Wicks continues to be a force shaping the conversation around business, investment, and local economies today, with appearances at the Social Capital Markets Conference and Slow Money in 2014.
In her Good Morning Beautiful Business, she writes, “We’re out to create a global system of human-scale, interconnected, local living economies that provide basic needs to all the world’s people. Yes, we want them to function in harmony with local ecosystems and support just and democratic societies. But we also want the people in them to have joy in their lives. To put it simply, we believe in happiness.”

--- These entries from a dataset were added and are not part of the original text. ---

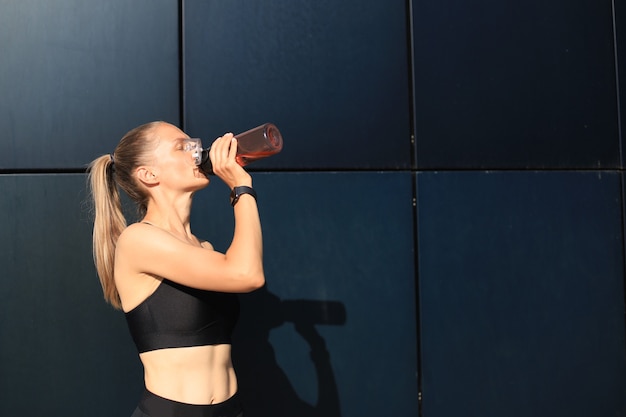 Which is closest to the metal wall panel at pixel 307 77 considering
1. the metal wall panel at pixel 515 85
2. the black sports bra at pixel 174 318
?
the metal wall panel at pixel 515 85

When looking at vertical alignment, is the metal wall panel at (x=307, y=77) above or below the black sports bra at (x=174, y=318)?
above

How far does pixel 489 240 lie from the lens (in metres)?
2.53

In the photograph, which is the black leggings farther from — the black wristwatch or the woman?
the black wristwatch

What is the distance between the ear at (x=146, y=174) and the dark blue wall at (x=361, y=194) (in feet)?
1.94

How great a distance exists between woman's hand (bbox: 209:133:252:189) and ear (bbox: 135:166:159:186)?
0.20 m

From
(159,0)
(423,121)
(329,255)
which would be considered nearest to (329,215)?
(329,255)

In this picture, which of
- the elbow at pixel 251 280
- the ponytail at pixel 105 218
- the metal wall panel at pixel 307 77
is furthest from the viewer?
the metal wall panel at pixel 307 77

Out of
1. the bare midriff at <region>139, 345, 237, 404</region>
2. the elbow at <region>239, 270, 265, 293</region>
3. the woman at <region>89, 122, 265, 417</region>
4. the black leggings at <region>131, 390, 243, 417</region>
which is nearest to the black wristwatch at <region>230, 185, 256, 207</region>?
the woman at <region>89, 122, 265, 417</region>

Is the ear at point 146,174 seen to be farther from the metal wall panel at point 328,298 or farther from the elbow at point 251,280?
the metal wall panel at point 328,298

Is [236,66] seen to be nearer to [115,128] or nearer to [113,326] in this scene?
[115,128]

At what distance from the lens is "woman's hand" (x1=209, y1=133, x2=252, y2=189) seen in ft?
5.16

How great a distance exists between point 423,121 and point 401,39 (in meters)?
0.33

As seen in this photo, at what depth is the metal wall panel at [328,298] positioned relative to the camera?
2.33 meters

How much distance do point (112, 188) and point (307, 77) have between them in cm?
94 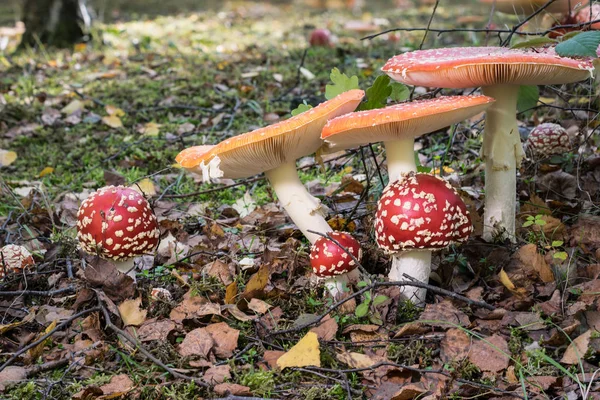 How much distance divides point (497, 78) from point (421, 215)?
0.77 metres

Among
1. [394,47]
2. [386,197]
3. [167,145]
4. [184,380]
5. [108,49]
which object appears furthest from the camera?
[108,49]

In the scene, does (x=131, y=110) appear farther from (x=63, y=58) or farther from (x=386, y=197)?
(x=386, y=197)

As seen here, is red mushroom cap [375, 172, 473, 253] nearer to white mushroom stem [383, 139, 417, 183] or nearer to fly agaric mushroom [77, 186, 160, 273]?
white mushroom stem [383, 139, 417, 183]

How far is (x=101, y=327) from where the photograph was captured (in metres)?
2.79

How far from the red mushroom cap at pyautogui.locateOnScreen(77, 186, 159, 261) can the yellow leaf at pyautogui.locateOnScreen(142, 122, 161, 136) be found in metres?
2.76

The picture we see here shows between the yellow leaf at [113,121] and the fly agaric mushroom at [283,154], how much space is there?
310 centimetres

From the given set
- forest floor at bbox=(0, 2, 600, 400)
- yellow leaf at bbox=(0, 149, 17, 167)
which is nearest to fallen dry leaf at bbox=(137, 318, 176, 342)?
forest floor at bbox=(0, 2, 600, 400)

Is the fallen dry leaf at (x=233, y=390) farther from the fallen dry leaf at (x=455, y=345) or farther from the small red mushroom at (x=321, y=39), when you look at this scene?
the small red mushroom at (x=321, y=39)

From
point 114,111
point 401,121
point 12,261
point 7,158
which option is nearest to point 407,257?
point 401,121

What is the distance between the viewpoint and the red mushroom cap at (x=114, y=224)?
9.33 ft

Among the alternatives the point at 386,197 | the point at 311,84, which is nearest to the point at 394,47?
the point at 311,84

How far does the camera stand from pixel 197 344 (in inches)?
102

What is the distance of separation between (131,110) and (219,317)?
3.94 meters

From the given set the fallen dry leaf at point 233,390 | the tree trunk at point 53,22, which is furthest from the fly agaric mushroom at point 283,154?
the tree trunk at point 53,22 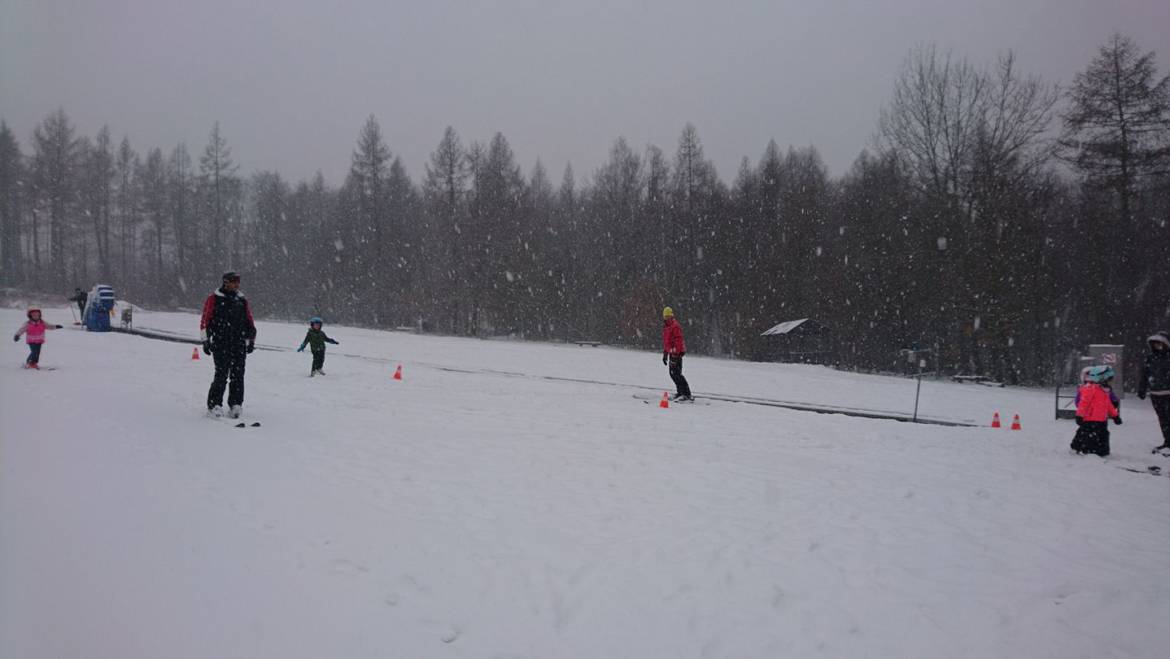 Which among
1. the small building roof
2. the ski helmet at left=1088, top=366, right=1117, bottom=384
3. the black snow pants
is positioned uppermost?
the small building roof

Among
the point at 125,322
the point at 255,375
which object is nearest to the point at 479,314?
the point at 125,322

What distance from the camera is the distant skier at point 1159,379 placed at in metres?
10.9

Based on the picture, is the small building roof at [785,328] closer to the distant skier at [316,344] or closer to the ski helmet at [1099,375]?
the ski helmet at [1099,375]

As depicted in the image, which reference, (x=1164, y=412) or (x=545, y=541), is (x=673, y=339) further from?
(x=545, y=541)

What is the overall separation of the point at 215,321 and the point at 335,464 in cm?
420

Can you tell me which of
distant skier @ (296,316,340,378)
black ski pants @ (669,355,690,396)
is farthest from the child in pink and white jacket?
black ski pants @ (669,355,690,396)

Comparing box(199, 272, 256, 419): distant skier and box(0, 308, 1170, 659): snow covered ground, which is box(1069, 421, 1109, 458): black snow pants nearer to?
box(0, 308, 1170, 659): snow covered ground

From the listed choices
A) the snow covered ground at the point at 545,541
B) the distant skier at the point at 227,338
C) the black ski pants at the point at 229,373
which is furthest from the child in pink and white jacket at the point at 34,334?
the black ski pants at the point at 229,373

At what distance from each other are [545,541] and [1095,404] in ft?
33.6

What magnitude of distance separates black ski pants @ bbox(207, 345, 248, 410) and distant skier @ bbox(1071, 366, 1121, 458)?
46.7 ft

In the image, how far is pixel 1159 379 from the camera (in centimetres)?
1100

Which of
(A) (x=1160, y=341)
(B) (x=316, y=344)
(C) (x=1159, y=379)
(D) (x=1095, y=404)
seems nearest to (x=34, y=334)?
(B) (x=316, y=344)

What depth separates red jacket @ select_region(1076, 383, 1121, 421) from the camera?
10166mm

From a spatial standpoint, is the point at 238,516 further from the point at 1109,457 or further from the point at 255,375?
the point at 1109,457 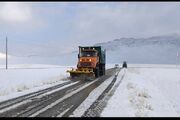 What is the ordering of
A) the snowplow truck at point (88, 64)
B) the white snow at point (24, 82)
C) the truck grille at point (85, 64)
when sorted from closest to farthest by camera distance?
the white snow at point (24, 82) < the snowplow truck at point (88, 64) < the truck grille at point (85, 64)

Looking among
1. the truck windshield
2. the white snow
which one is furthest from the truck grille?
the white snow

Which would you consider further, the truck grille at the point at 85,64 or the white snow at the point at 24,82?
the truck grille at the point at 85,64

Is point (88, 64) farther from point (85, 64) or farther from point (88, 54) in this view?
point (88, 54)

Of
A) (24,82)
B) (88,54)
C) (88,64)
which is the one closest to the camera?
(24,82)

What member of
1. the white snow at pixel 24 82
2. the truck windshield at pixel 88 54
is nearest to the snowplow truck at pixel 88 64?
the truck windshield at pixel 88 54

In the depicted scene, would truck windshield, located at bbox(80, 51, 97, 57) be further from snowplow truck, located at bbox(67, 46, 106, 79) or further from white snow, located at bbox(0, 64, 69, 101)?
white snow, located at bbox(0, 64, 69, 101)

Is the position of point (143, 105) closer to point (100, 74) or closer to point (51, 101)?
point (51, 101)

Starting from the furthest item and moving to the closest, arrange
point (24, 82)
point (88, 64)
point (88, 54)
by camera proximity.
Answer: point (88, 54) < point (88, 64) < point (24, 82)

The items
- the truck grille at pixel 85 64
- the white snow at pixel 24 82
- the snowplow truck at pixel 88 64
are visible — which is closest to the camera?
the white snow at pixel 24 82

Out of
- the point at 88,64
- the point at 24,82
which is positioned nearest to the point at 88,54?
the point at 88,64

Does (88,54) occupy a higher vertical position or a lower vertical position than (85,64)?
higher

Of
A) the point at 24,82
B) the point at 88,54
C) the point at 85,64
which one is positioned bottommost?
the point at 24,82

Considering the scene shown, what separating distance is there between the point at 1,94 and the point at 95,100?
238 inches

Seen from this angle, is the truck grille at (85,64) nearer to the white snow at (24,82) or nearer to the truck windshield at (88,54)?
the truck windshield at (88,54) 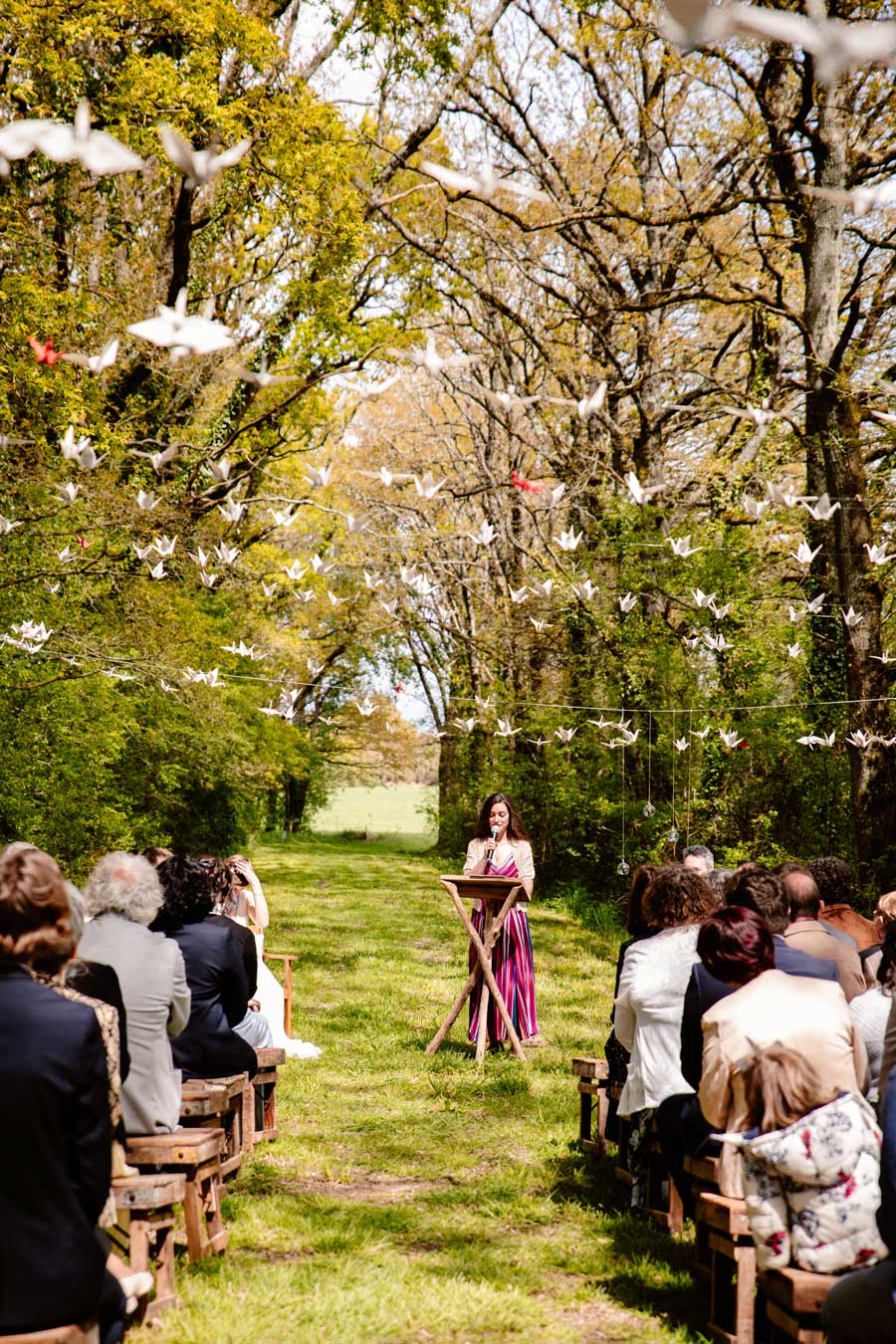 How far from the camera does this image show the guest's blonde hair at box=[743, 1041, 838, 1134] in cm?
332

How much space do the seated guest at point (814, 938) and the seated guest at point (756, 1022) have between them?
154 cm

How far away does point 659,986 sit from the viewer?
5.24 meters

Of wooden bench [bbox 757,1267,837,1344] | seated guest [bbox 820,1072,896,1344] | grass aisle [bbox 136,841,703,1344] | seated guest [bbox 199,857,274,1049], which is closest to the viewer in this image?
seated guest [bbox 820,1072,896,1344]

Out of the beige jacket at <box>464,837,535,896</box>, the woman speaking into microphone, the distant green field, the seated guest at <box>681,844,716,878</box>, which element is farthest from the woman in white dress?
the distant green field

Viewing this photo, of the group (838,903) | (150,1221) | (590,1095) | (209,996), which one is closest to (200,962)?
(209,996)

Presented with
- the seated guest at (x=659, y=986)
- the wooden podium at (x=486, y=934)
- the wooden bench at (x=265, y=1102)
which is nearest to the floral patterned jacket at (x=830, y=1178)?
the seated guest at (x=659, y=986)

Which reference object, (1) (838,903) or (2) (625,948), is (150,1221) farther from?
(1) (838,903)

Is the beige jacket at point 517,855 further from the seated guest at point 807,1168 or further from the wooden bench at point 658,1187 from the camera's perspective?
the seated guest at point 807,1168

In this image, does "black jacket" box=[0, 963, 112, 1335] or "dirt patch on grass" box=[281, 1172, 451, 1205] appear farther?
"dirt patch on grass" box=[281, 1172, 451, 1205]

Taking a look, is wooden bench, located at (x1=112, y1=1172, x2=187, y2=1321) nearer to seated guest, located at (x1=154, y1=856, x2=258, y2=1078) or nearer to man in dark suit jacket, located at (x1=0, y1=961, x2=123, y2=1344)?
man in dark suit jacket, located at (x1=0, y1=961, x2=123, y2=1344)

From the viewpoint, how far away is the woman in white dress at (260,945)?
723 centimetres

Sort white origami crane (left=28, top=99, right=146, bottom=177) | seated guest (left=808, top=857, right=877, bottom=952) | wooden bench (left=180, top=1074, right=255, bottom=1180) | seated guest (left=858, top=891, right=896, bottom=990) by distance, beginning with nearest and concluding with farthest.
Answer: white origami crane (left=28, top=99, right=146, bottom=177) < wooden bench (left=180, top=1074, right=255, bottom=1180) < seated guest (left=858, top=891, right=896, bottom=990) < seated guest (left=808, top=857, right=877, bottom=952)

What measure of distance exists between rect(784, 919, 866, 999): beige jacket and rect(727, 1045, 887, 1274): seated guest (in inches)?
92.3

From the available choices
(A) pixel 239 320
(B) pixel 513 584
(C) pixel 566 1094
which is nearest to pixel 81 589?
(A) pixel 239 320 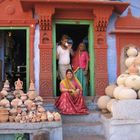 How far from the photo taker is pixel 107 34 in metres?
9.93

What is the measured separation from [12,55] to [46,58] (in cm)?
326

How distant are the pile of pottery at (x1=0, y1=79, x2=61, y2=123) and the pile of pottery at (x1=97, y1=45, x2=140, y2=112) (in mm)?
1452

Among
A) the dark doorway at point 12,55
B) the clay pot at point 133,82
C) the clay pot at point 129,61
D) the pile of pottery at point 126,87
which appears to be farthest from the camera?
the dark doorway at point 12,55

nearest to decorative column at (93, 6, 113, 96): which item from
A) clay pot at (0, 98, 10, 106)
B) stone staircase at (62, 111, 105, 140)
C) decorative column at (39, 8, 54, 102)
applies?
decorative column at (39, 8, 54, 102)

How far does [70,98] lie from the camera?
885 centimetres

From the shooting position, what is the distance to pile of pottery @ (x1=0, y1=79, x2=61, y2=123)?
301 inches

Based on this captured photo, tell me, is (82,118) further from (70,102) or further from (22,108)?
(22,108)

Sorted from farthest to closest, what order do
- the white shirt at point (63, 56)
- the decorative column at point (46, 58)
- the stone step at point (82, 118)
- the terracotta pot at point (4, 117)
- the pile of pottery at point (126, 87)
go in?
the white shirt at point (63, 56)
the decorative column at point (46, 58)
the stone step at point (82, 118)
the pile of pottery at point (126, 87)
the terracotta pot at point (4, 117)

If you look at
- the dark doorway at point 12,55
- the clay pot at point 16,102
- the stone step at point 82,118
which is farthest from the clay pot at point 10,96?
the dark doorway at point 12,55

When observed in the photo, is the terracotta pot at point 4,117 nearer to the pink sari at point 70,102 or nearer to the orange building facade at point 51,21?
the pink sari at point 70,102

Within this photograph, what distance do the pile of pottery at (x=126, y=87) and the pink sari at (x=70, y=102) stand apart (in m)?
0.44

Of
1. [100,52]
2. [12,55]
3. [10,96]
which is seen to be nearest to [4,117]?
[10,96]

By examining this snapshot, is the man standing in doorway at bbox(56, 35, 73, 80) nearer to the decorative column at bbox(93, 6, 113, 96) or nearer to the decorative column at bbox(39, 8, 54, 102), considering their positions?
the decorative column at bbox(39, 8, 54, 102)

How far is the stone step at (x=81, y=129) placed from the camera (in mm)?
8250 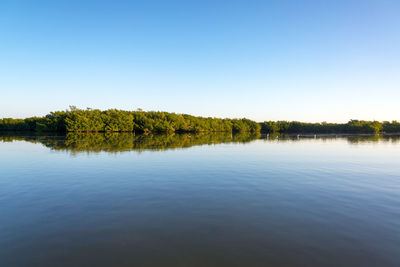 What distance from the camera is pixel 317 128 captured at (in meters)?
178

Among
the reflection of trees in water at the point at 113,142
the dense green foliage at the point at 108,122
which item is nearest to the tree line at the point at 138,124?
the dense green foliage at the point at 108,122

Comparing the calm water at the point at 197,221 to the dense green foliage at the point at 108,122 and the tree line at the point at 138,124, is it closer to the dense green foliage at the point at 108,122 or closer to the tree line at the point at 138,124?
the dense green foliage at the point at 108,122

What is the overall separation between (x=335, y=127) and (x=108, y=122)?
533 ft

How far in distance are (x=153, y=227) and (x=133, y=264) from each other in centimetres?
Answer: 224

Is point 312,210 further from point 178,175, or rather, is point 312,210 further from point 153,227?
point 178,175

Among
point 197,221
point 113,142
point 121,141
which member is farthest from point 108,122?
point 197,221

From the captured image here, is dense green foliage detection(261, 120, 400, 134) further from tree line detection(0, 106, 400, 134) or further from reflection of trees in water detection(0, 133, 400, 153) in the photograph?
reflection of trees in water detection(0, 133, 400, 153)

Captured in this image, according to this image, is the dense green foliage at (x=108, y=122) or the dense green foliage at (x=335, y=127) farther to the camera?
the dense green foliage at (x=335, y=127)

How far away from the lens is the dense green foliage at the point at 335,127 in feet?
540

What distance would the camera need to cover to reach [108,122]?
12144 cm

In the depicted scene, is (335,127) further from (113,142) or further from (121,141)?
(113,142)

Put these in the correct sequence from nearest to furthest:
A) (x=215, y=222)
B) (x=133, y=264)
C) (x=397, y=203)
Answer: (x=133, y=264) → (x=215, y=222) → (x=397, y=203)

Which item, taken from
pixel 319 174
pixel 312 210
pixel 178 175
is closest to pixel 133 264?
pixel 312 210

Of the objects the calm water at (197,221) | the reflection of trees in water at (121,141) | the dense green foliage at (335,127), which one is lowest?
the calm water at (197,221) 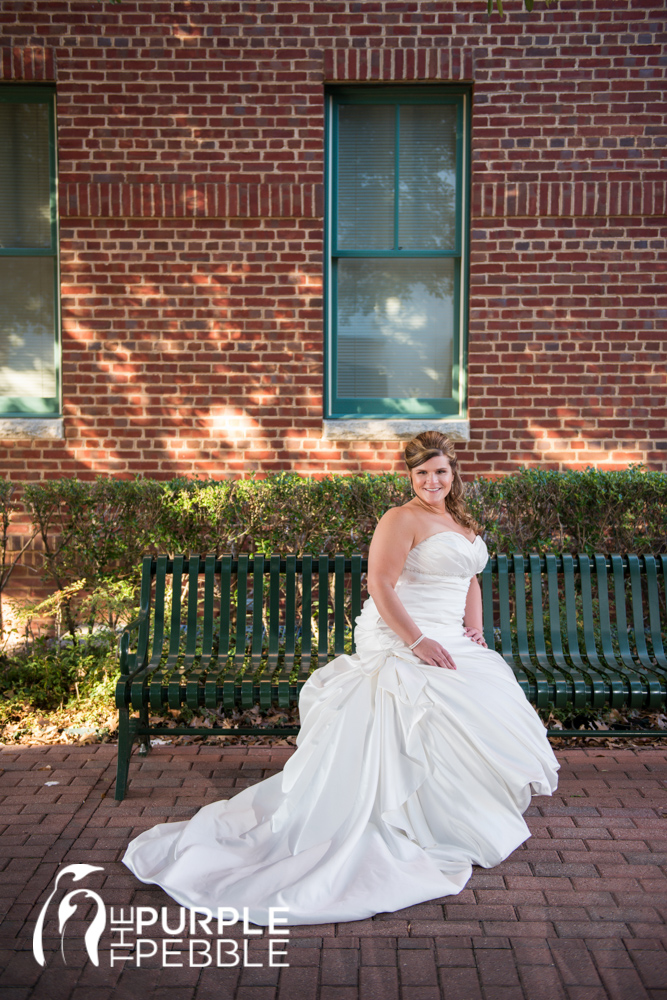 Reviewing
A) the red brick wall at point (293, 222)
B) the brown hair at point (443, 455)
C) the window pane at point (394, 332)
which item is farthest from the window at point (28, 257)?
the brown hair at point (443, 455)

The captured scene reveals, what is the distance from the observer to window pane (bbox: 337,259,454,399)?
20.4 ft

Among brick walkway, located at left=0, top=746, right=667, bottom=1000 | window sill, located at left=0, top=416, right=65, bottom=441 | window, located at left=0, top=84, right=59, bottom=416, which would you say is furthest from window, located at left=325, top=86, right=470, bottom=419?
brick walkway, located at left=0, top=746, right=667, bottom=1000

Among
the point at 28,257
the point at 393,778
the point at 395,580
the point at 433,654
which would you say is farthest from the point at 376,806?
the point at 28,257

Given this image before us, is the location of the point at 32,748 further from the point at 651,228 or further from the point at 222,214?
Answer: the point at 651,228

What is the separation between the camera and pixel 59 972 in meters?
2.40

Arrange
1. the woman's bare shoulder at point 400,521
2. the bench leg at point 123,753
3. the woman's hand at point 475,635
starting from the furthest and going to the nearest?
1. the woman's hand at point 475,635
2. the bench leg at point 123,753
3. the woman's bare shoulder at point 400,521

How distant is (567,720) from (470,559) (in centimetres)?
162

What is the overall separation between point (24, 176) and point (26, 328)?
123cm

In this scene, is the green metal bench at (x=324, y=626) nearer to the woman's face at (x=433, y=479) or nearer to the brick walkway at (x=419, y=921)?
the brick walkway at (x=419, y=921)

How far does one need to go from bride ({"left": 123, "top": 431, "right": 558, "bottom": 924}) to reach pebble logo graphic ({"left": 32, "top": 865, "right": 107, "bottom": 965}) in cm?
18

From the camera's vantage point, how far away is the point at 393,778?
9.80 feet

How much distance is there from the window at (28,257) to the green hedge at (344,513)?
1663 millimetres

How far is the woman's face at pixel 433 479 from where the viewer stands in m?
3.52

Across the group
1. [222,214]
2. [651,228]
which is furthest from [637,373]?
[222,214] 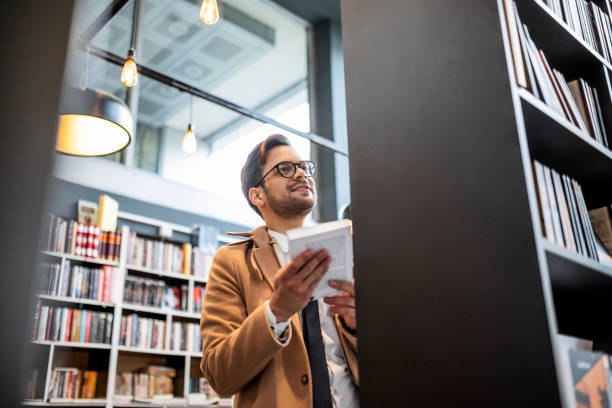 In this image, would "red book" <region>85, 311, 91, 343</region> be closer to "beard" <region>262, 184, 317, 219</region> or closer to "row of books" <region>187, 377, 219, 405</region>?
"row of books" <region>187, 377, 219, 405</region>

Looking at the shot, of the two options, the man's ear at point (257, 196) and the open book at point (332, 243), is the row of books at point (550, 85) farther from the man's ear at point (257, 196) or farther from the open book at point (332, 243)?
the man's ear at point (257, 196)

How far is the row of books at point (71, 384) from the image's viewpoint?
15.1ft

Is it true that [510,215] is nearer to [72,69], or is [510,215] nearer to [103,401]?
[72,69]

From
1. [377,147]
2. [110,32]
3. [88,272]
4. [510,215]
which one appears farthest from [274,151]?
[110,32]

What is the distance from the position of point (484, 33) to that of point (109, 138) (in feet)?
8.51

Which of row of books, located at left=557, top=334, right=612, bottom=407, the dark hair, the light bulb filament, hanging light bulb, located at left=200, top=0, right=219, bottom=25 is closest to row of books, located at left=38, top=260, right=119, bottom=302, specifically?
the light bulb filament

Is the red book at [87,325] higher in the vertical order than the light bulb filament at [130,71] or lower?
lower

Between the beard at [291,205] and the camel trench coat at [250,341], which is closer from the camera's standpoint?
the camel trench coat at [250,341]

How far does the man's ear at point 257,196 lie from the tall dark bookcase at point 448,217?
811 mm

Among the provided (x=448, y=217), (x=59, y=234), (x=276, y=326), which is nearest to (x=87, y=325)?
(x=59, y=234)

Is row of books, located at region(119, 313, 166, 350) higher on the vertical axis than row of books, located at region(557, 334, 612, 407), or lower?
higher

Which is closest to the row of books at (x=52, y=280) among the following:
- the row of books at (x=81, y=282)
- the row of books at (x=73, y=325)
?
the row of books at (x=81, y=282)

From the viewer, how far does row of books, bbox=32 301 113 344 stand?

Happiness is a value that Wicks lives out every day. Asked about at her ability to bounce back from any obstacle that life threw her way, she replied, “It wasn’t a conscious decision. I think it’s just my personality. We’re given this great opportunity to be on this planet.
If you didn’t enjoy the party, it would be a great disappointment to the creator. There’s a way of looking at it that all of this great beauty is meant for us to enjoy, to love life.” .
The Local Economies Festival is sponsored by Ka`u Specialty LLC, Hilo Shark’s Coffee, Petrogylph Press, and Basically Books.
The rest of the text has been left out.